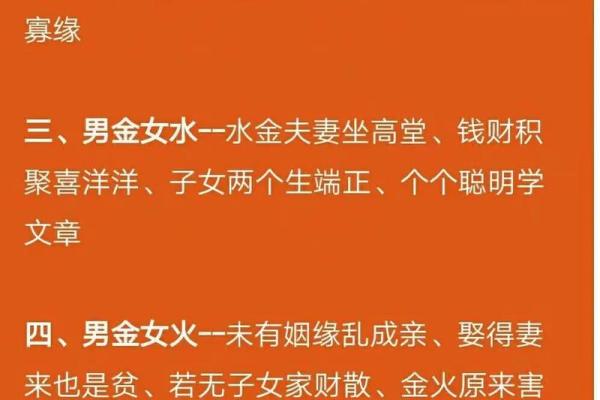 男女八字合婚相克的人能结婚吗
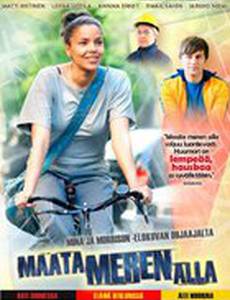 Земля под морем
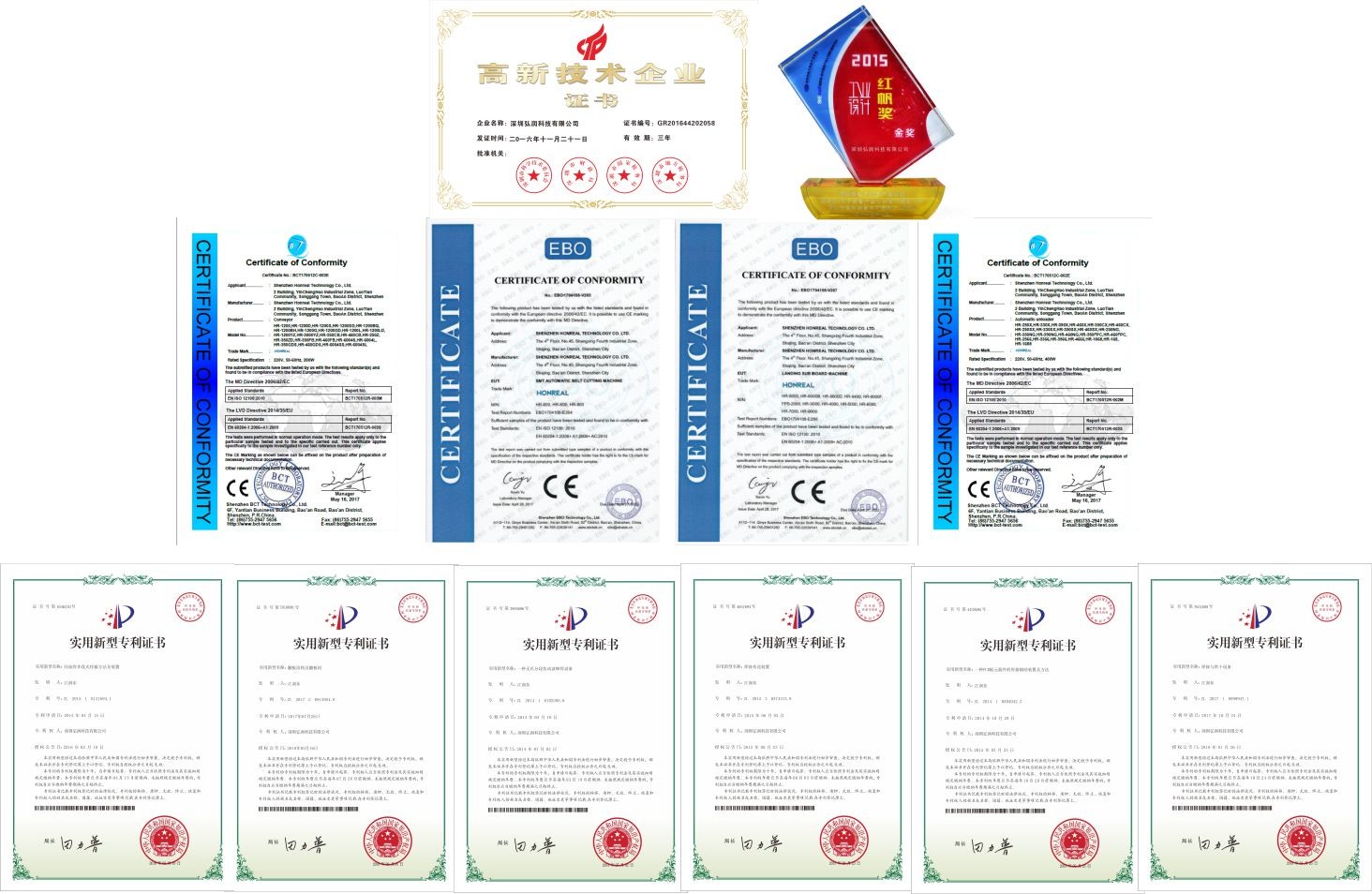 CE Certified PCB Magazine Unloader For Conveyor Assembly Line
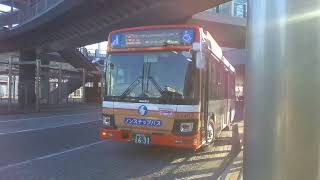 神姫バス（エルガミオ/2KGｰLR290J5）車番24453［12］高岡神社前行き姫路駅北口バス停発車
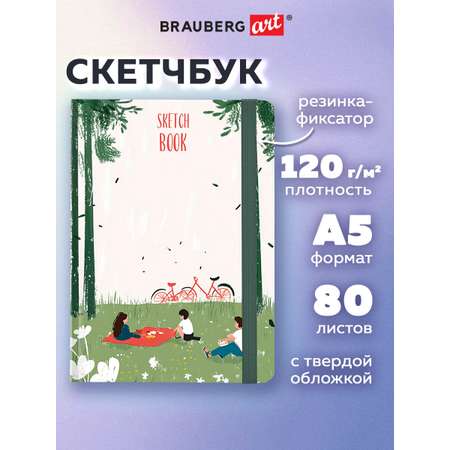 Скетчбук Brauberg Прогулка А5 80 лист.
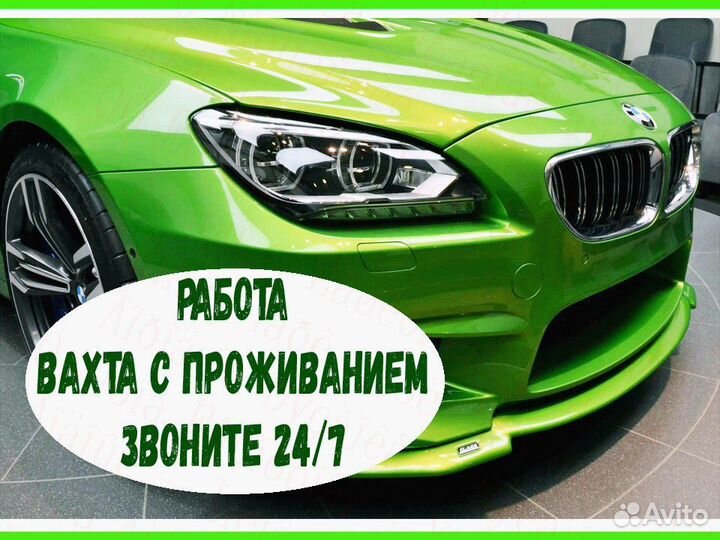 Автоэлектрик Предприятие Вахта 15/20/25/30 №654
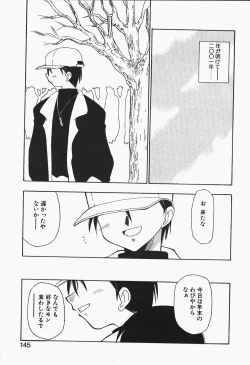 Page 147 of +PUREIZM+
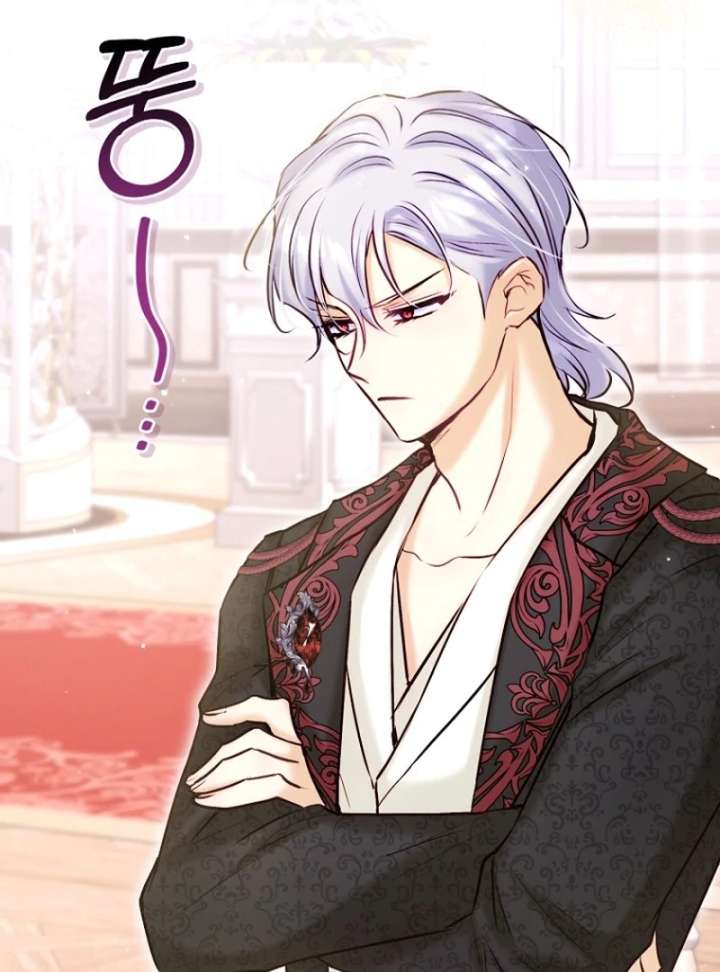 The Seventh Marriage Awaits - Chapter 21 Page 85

§ **Exercise**
Copy exactly the lines from the line that contains "Автоэлектрик Предприятие Вахта" through the last line of the records above, both ends included, but leave out the pictures.

§ **Answer section**
 Автоэлектрик Предприятие Вахта 15/20/25/30 №654
 Page 147 of +PUREIZM+
 The Seventh Marriage Awaits - Chapter 21 Page 85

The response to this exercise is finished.